**Exercise requirements**
Once you reach the line containing "Model airplane pilot with model airplane", write out that line and every remaining line of the records exactly.

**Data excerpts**
%%
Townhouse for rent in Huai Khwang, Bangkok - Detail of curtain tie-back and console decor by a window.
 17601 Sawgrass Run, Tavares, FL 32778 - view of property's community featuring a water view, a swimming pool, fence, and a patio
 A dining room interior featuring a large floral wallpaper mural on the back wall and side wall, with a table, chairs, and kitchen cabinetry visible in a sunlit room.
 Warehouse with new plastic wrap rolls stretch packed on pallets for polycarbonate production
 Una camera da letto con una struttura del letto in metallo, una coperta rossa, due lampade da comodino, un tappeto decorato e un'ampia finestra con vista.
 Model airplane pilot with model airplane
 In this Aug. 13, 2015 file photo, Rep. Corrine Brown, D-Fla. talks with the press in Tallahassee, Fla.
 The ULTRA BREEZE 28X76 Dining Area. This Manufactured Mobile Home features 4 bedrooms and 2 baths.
%%
**Exercise result**
 Model airplane pilot with model airplane
 In this Aug. 13, 2015 file photo, Rep. Corrine Brown, D-Fla. talks with the press in Tallahassee, Fla.
 The ULTRA BREEZE 28X76 Dining Area. This Manufactured Mobile Home features 4 bedrooms and 2 baths.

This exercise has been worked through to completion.